In its Explanatory Notice to the Template, the Commission explains that the level of detail required to be provided is tailored to the type of data category. For example, for licensed datasets, providers only need to confirm whether licensing agreements have been concluded with rightsholders, and the data modalities concerned (e.g., text or audio). In contrast, where datasets have been crawled or scraped from online sources, providers will need to provide significantly more information, such as a list of the top 10% most relevant internet domains by size of content crawled or scraped (5% for SMEs).

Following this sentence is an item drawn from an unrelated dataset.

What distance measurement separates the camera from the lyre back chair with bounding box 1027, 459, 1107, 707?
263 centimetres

Regardless of the sources of training data used, providers will need to describe the measures implemented to respect rightsholders’ reservation of rights, and the general measures taken to remove illegal content from the training data. Providers are also encouraged to provide any other relevant information about the data processing, though this is on a voluntary basis.

Takeaway

Stakeholders may encounter timing challenges in assessing how these communications apply to their operations ahead of upcoming regulatory deadlines. While the Guidelines, GPAI Code of Practice and the Template offer valuable guidance in achieving compliance with the EU AI Act, the increased level of detail in these documents—as compared to the statutory provisions—may, in some instances, add to the overall regulatory burden. If you would like to discuss how these developments could affect your business, please reach out to the authors or your usual Mayer Brown contact.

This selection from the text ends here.